1. Technical Field
Embodiments of the subject matter disclosed herein relate generally to apparatuses, methods and systems and, more particularly, to devices, processes, mechanisms and techniques for detecting and measuring cracks in metallurgical vessels.
2. Description of Related Art
Metallic vessels or containers of various sizes and shapes designed to hold molten metals are widely used in many industrial applications. Example of these applications include, but are not limited to, gasification processes in chemical and power production, Electric-Arc Furnaces (EAF), Basic Oxygen Furnaces (BOF), ladles, blast furnaces, degassers, and Argon-Oxygen-Decarburization (AOD) furnaces in steel manufacturing. As known in the art, these containers are normally lined with refractory material installed in brick form or cast in monolithic blocks in order to protect the metallic part of the vessel from the high-temperature contents placed therein; however, due to normal wear and tear of the refractory material through the combined effects of oxidation, corrosion, and mechanical abrasion, some portion of the refractory surface in contact with the molten metal is lost during processing, thus requiring frequent inspection so as to assure extended use by performing early localized repair in order to avoid possible catastrophic failures and unnecessary or premature refurbishment of the entire vessel's refractory lining.
FIG. 1 shows a conventional metallurgical container 2 having a shell 4, an internal layer of refractory material 6, and an opening 8. The dashed line 7 in FIG. 1 illustrates the original layer of refractory material before the container was placed in use. The difference between lines 7 and 6 is what existing systems are configured to detect in order for an operator to decide when to take the container out of service for repair. A specific wear pattern that creates potential hazards is cracks in the refractory material 6. Cracks allow molten metal to flow closer to the outer steel shell of the vessel 4, thereby creating increased probability of melting the shell 4. Melting the shell 4 is commonly referred to as “breakout” and is considerate by some to be a catastrophic failure mode that can cause significant damage and/or injury.

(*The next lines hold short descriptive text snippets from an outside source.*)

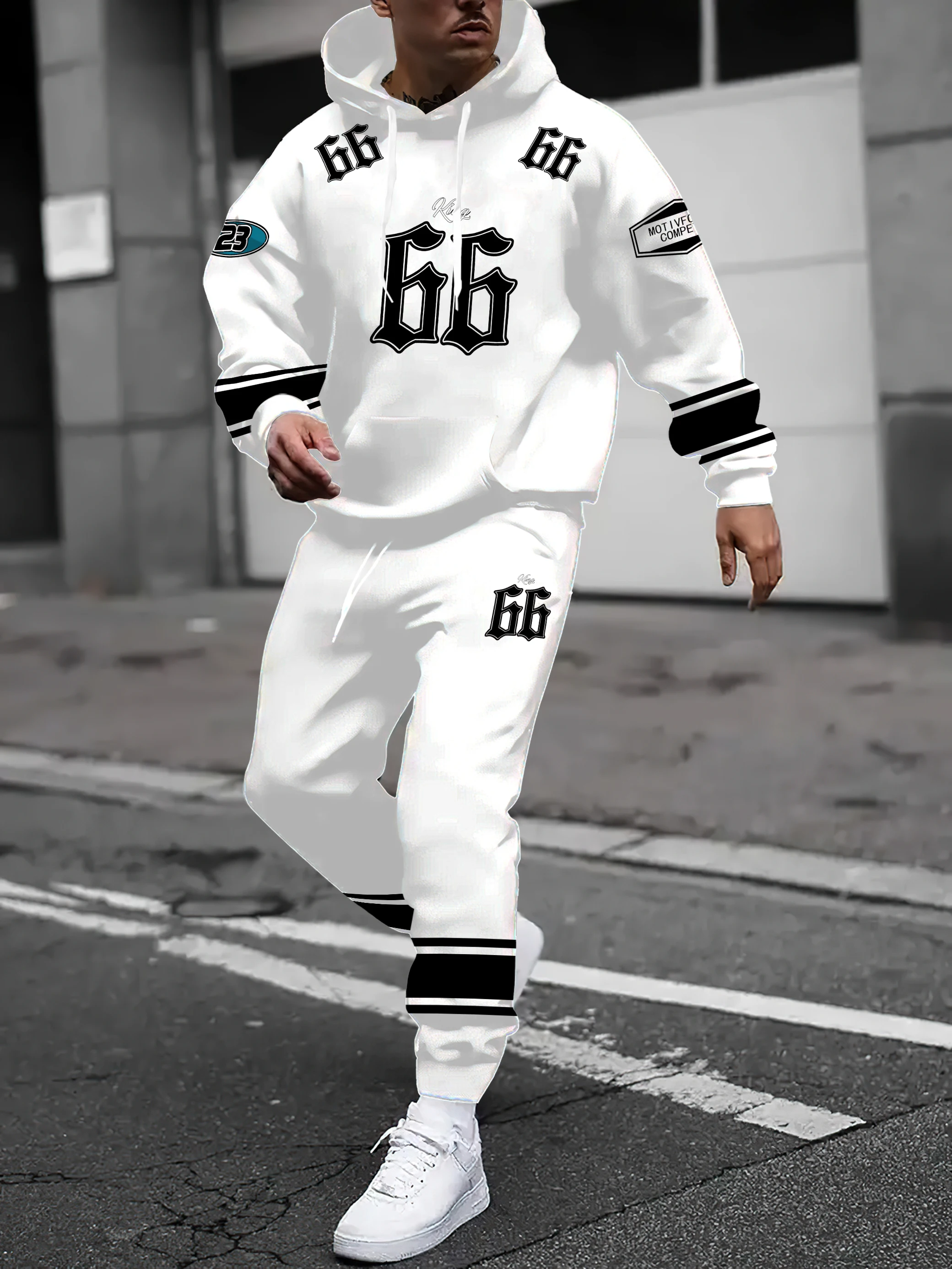 

2025 Spring and Autumn New Men's sweatshirt set casual sporty digital print streetwear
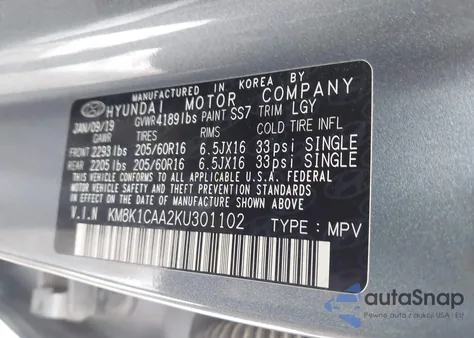 2019 Hyundai Kona Se from USA, damaged, VIN KM8K1CAA2KU301102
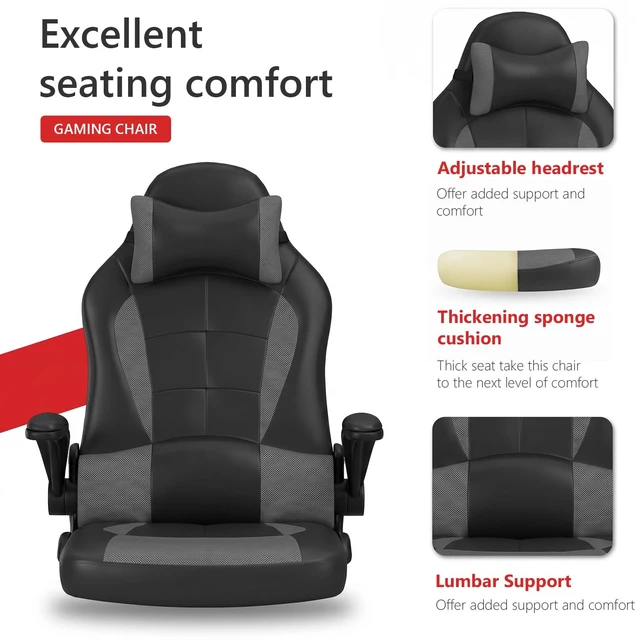 Alt view image 3 of 7 - Ergonomic Gaming Chair for Adults, Office Desk Chair, Blue | High back PU leather gaming chair with lumbar support, adjustable headrest, flip-up arms, rocking tilt and 250 lb capacity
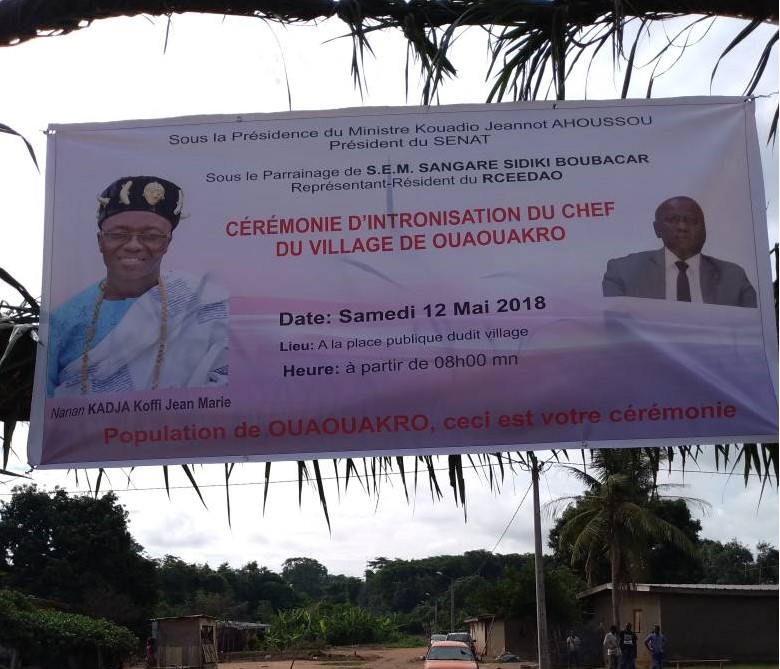 PARRAINAGE DE LA CÉRÉMONIE D&rsquo;INTRONISATION DU NOUVEAU CHEF DE OUAOUAKRO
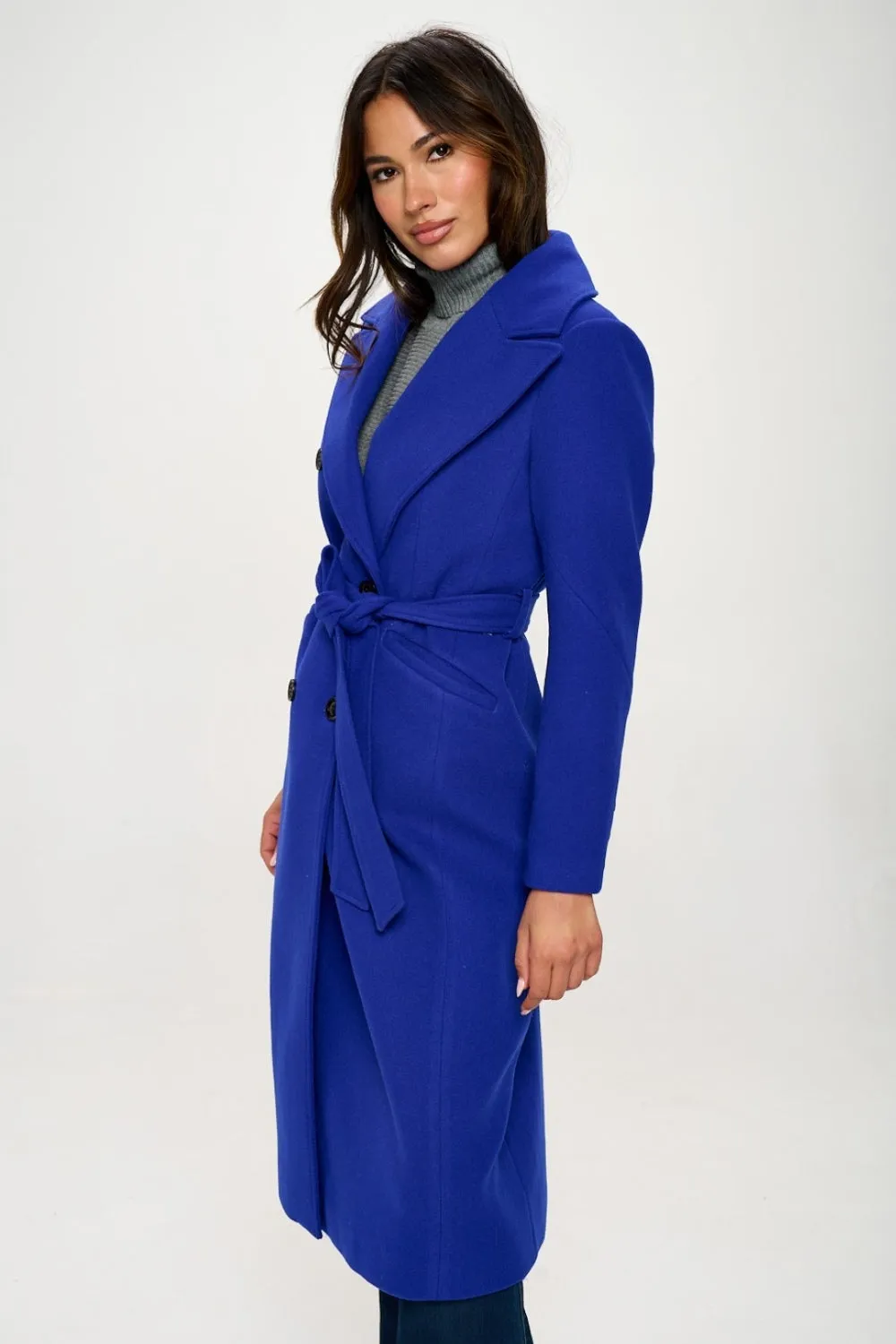 Coalition LA Double-Breasted Longline Coat with Belt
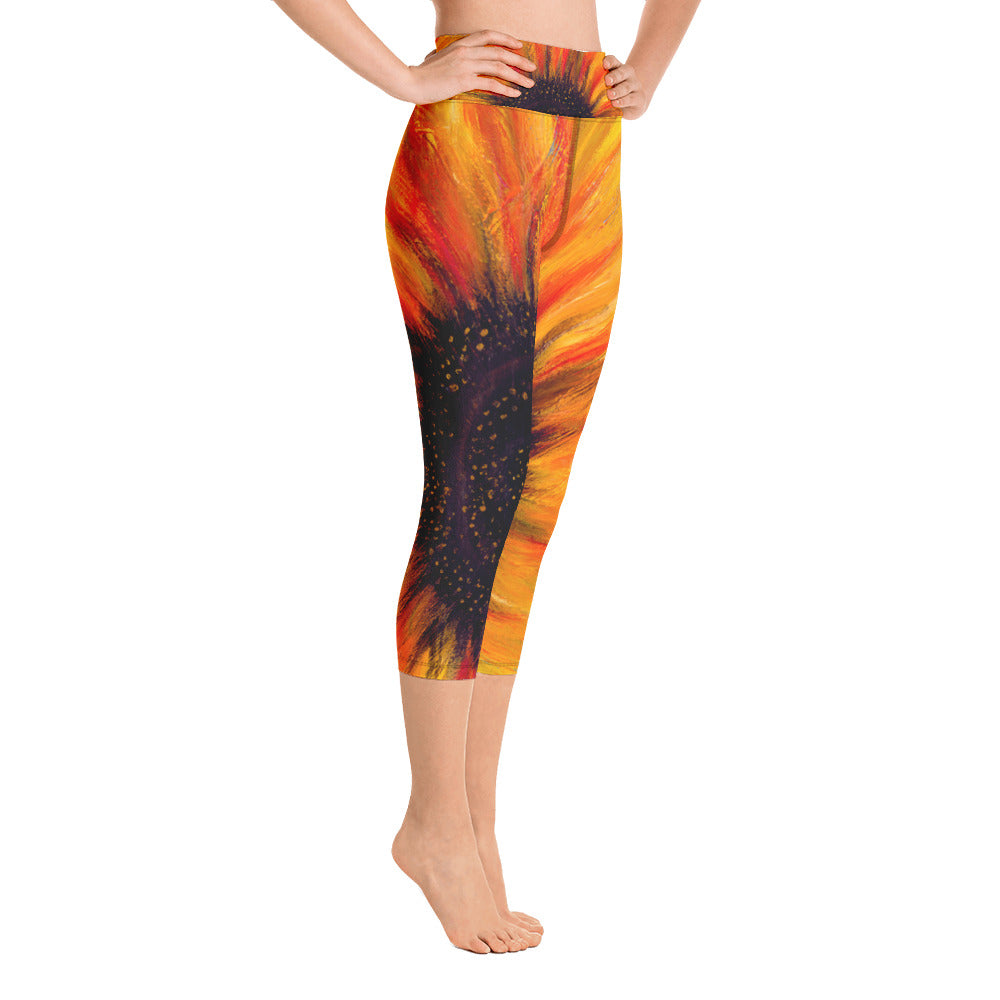Big Sunflower | Women's Fine Art High-Waist Capris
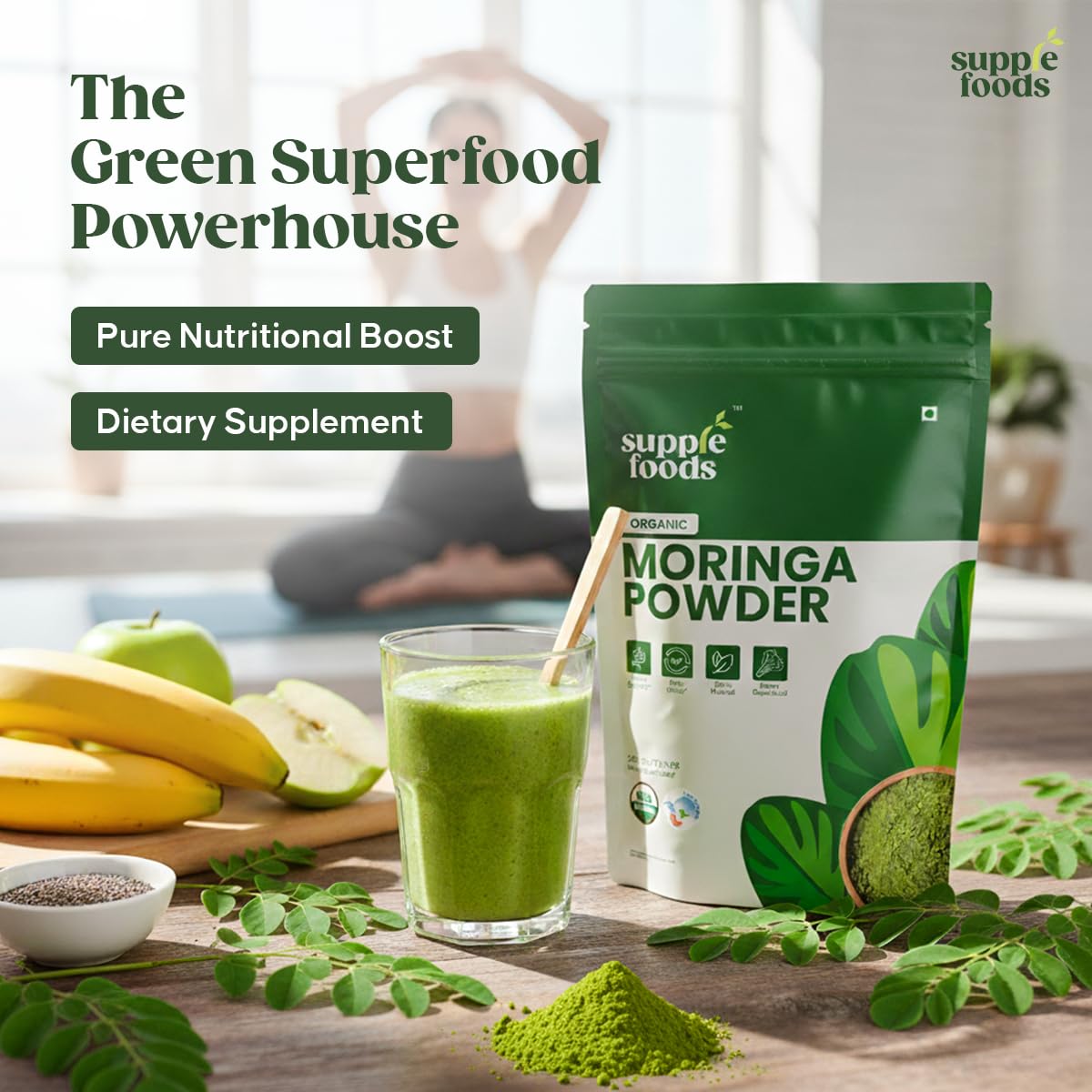 supplefoods Organic Moringa Powder 200 g / 7.05 oz | 100% Natural Green Superfood | Assists Digestion & Daily Detox | Finely Milled Moringa Leaf Powder | USDA Certified Organic Dietary Supplement - dailyvitalstore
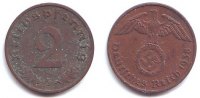 Drittes Reich 2 Reichspfennig 2 Reichspfennig - mit Hakenkreuz -
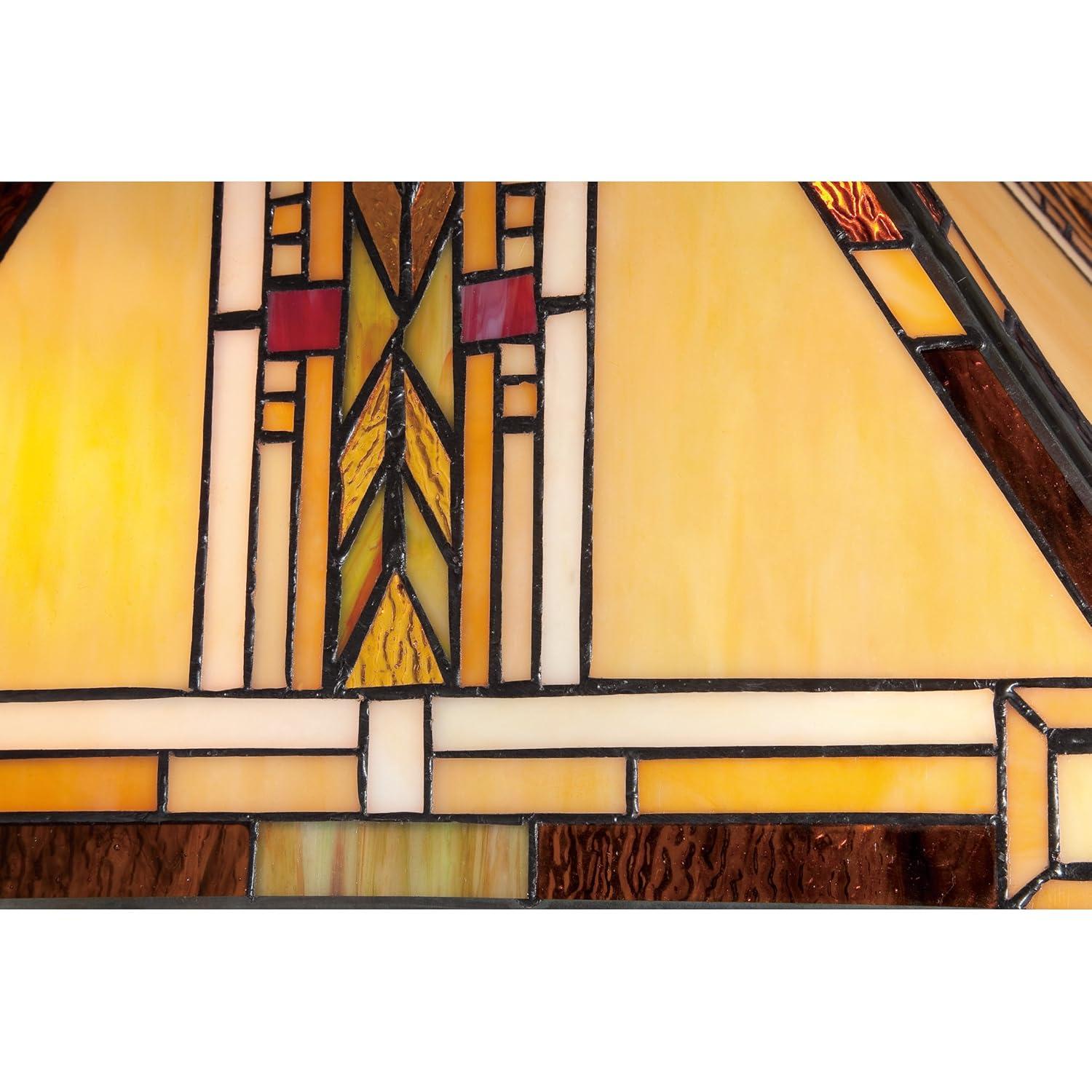 Valiant Bronze 25" Table Lamp with Stained Glass Shade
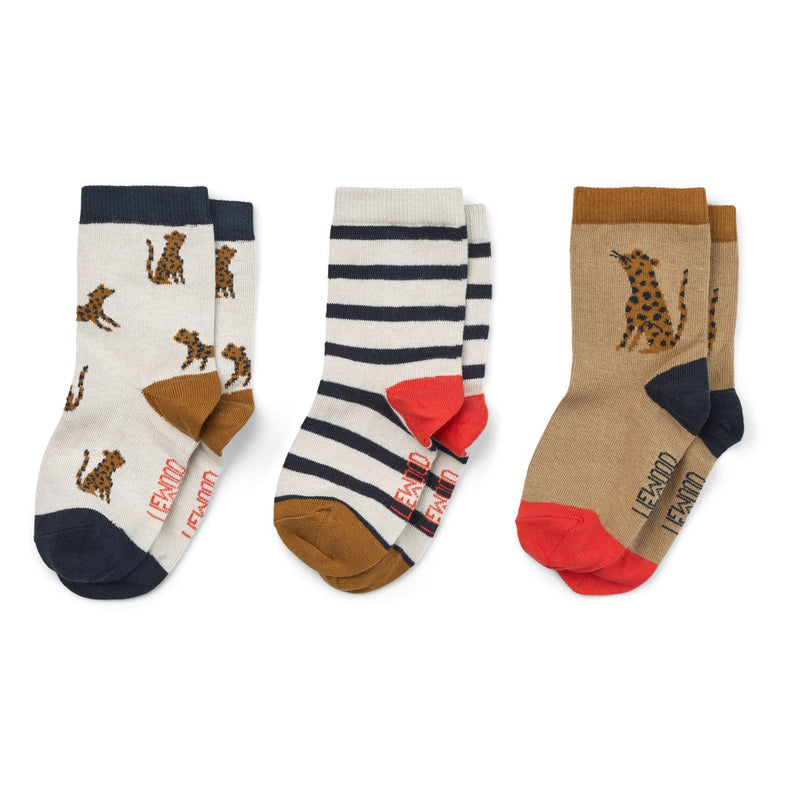 Liewood Silas Socks 3-Pack - Leopard / Sandy - SOCKS/STOCKINGS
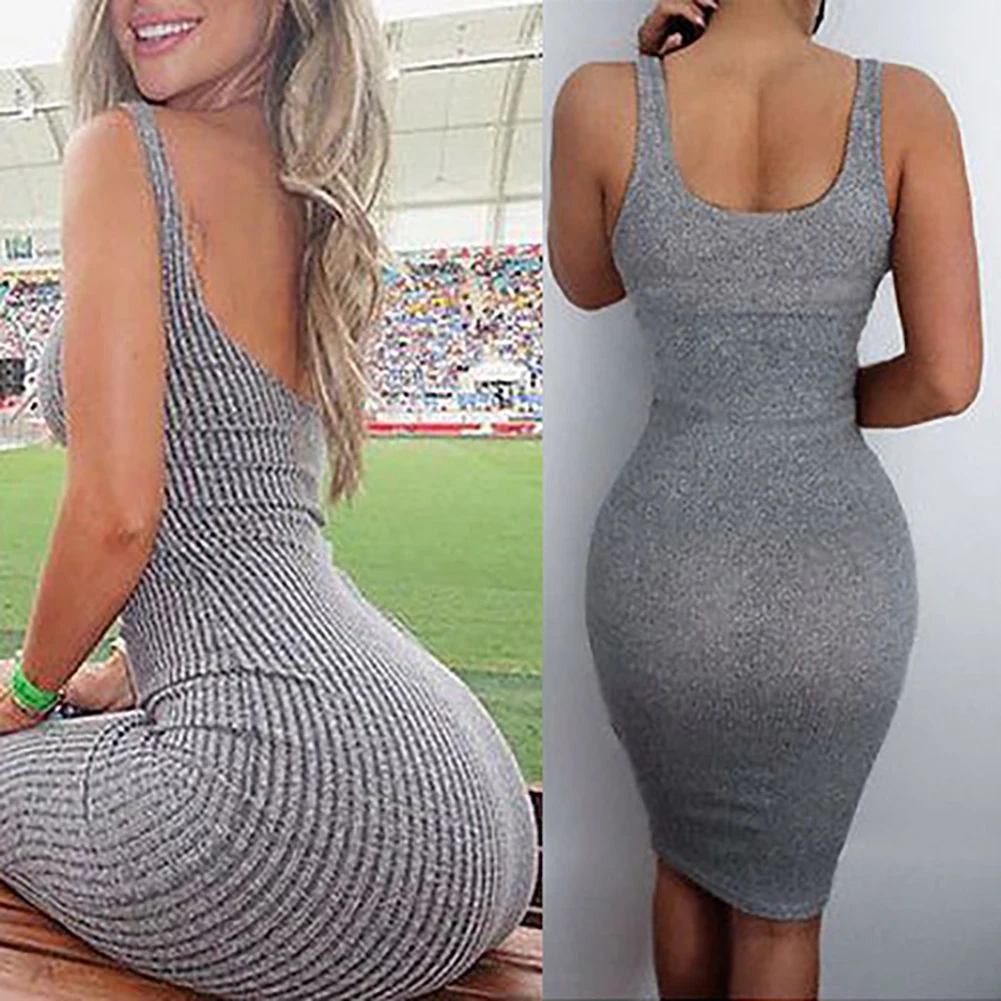 Сексуальная Женская юбка с глубоким вырезом без рукавов открытой спиной для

Initially characterization of the refractory thickness in these metallurgical containers was done visually by experienced operators. Given the hostile environment and the long downtime required that approach was quickly abandoned with the advent of automated systems. As understood by those of ordinary skill in the art, conventional automated processes are known to measure the localized thickness, i.e., the localized distance between the internal layer of refractory material 6 and the containers shell 4. A widely used conventional method for measuring the remaining lining thickness of metallurgical vessels is laser scanning.
FIG. 2 shows a conventional laser scanning refractory lining thickness measurement system 10 comprising a mobile cart 12, a laser scanning system 16 mounted thereon, and associated hardware and software located in the mobile cart 12. One of the goals of the laser scanning system 10 when used in metallurgical vessels is to accurately measure the lining thickness to allow a vessel to remain in service for as long as possible and to indicate areas requiring maintenance. A typical laser scanning system 14 includes a laser, a scanner, optics, a photodetector, and receiver electronics (not shown).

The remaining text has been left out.